Janine and Ian Maxwell want your money.
Not all of it… But as much as you can spare to help them care for more than 250 orphans and abandoned babies at their orphanage in Eswatini (formerly known as Swaziland) and the 2,500-acre farm that produces food for a network of 30 churches and schools in the tiny Southern African kingdom.
Tim Lambert, CEO of Egg Farmers of Canada, said he was so impressed by the story of the Canadian couple, their work with orphans and their Project Canaan Farm when he first heard it several years ago that he decided to visit them in Swaziland, as the country was known before it changed its name to Eswatini in 2018.
“We were amazed at what they had already achieved with their 2,500-acre farm, with the orphanage for children and also with community feeding programs,” Lambert said in a phone interview from Ottawa, where he was hosting the Maxwells, who are in Canada as part of their month-long fundraising tour of North America.
“Malnutrition in the country is a huge problem, the country has been devastated by HIV/AIDS and within that they’ve lost a generation of adults,” Lambert said. “So there is, if you can believe it, a half a million orphans and vulnerable children in the country, that’s more than half of the population of the entire nation.”
(click to listen to the full interview with Tim Lambert, Janine and Ian Maxwell)Listen
The partnership between Egg Farmers of Canada and Heart for Africa was announced in late 2014 and since then Canadian egg farmers have helped locals build an entire egg farm from the ground up, Lambert said.
The farm now has 5,000 hens in two houses, offers fresh eggs to thousands of people in the community and is providing a locally produced protein that’s essential for human growth and development, Lambert said.

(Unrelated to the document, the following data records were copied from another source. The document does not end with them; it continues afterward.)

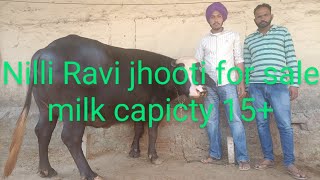 75891-97115 , pure nilli Ravi jhooti for sale village augarh moga milk capicty 15+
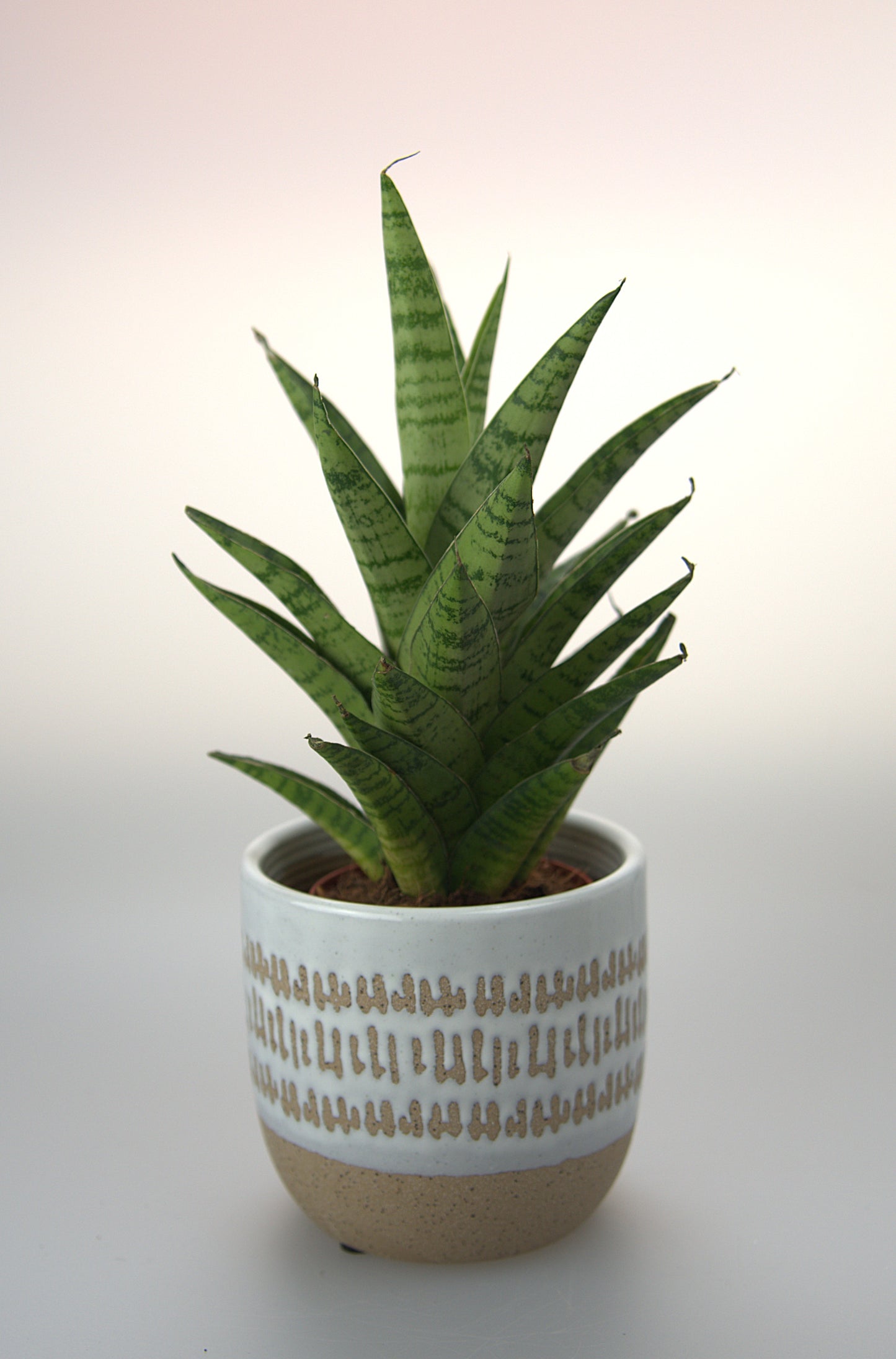 Sansevieria Tough Lady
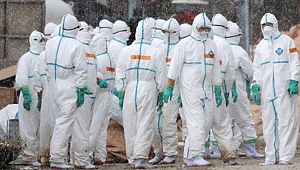 Kazakistan'da kuş gribi nedeniyle 11 yerleşim yeri karantinaya alındı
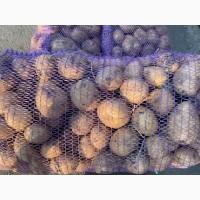 Картошка Аризона, продам опт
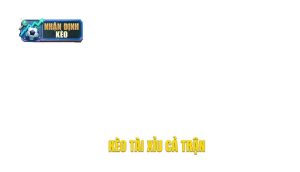 thumb - kèo tài xỉu cả trận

The Egg Farmers of Canada also got help from other industry partners, such as Sanovo, a Danish company that donated equipment to hard cook and chill the eggs, and the Saskatchewan Eggs Producers donated a delivery truck for the operation, Lambert said.

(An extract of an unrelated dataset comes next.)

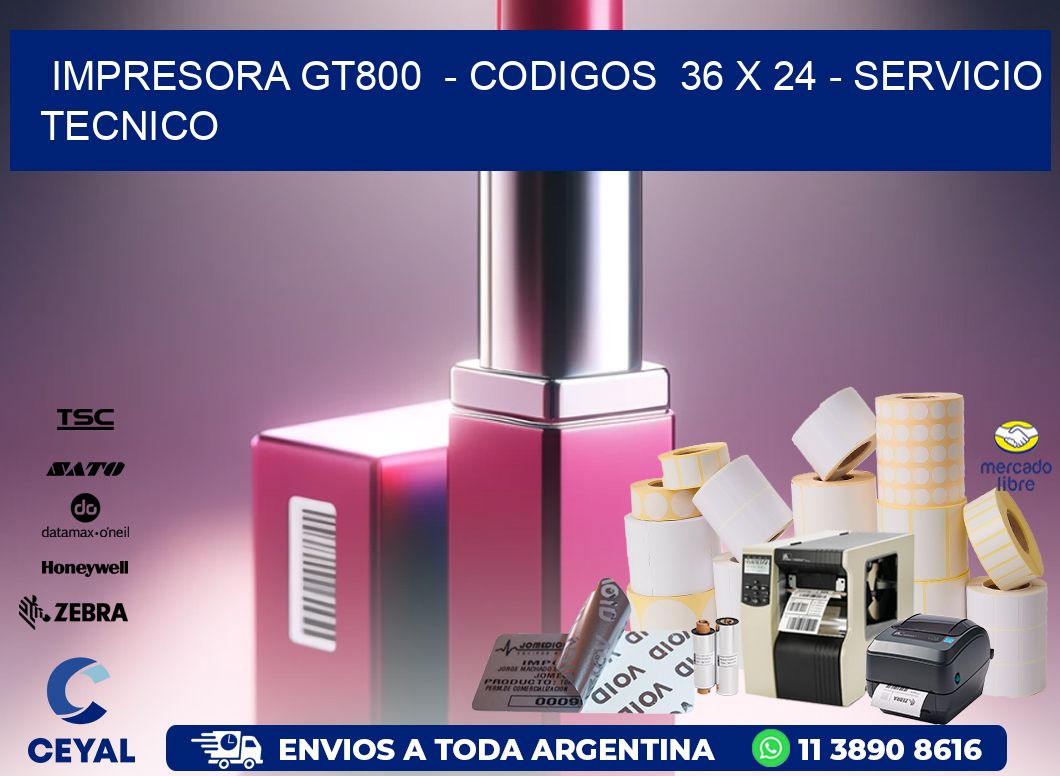 IMPRESORA GT800  - CODIGOS  36 x 24 - SERVICIO TECNICO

“We’re able to distribute over 4,000 eggs every day and to date we’ve distributed over five million eggs,” Lambert said.
The eggs are distributed in some of the most remote subsistence farming communities in Eswatini, said Janine Maxwell, who grew up in Northern Ontario.
“We have been in a drought for the last two-and-a-half years and we still don’t know whether the rains are coming so they haven’t even been able to plant their maze crops, which is their staple, for the last few years,” Maxwell said.

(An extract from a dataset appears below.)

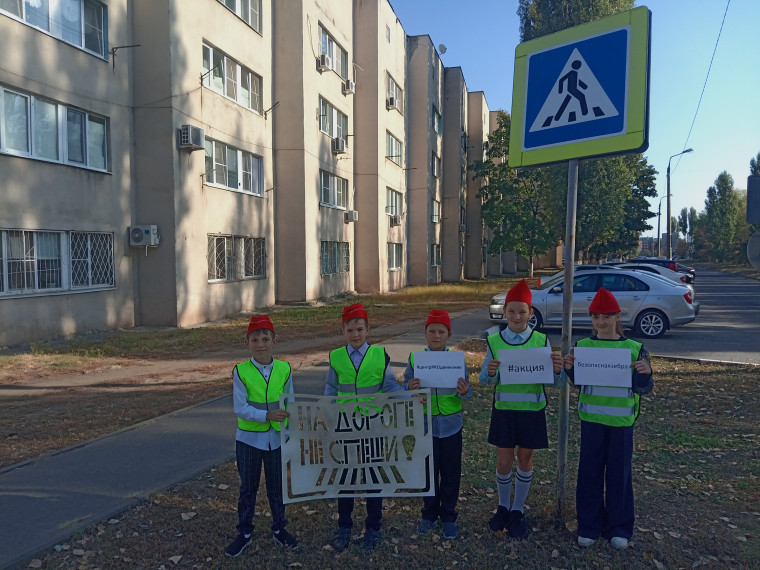 Безопасная зебра.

“We had already been running this feeding program with these 30 partners and feeding local children but we’re seeing more and more children coming into the program because there is no food at home, and there is no food in the schools.”
Each child gets a hard-boiled egg along with their nutritious MannaPack meals provided by the U.S. charity Feed My Starving Children, she said.
“That protein is so important for their brain development, for their body development,” Maxwell said.
‘I knew I couldn’t go back to my life leisure and pleasure’
Maxwell said she was heartbroken hearing the stories of orphaned children during her travels through Africa. A former marketing executive, she travelled to Africa in “search for the meaning of life” after witnessing the 9/11 attacks during a business trip to New York that eventually led her and her husband, Ian, to re-evaluate their lives’ priorities.
“That search took me to Africa and I fell in love with the people, I fell in love with many of the countries I travelled to but my heart was specifically touched for these orphans, these children who have been orphaned because of HIV/AIDS,” Maxwell said.
She met hundreds of these orphaned children who were living on the streets in every country she visited, Maxwell said.
“And you know, these young five, six-year-olds being raped every night by older kids, they’re eating out of garbage cans, the young teenage girls are getting pregnant, they’re dumping their babies in outdoor pit latrines, they’re dumping them on the side of the road, they’re dumping them in rivers,” Maxwell said.
“And I just knew I couldn’t go back to my life of leisure and pleasure, I had to do something.”
After working on various projects in Eswatini since 2005, the Maxwells packed up their belongings and with their two children in tow moved there permanently in 2012, shortly after opening their orphanage for abandoned children.
“I married a strong woman and I followed her,” said Ian Maxwell, who was born in Ottawa and grew up in Nepean. “It’s a beautiful country but the people were really, really sick.”
The Maxwell’s strong background in business and organizational talent really impressed them, Lambert said.
“While many charities are well-intentioned, it’s not always easy to deliver success in developing parts of the world,” Lambert said. “And because of their business background, they’re able to think, plan, design, but then also execute on their plans. Things get done!”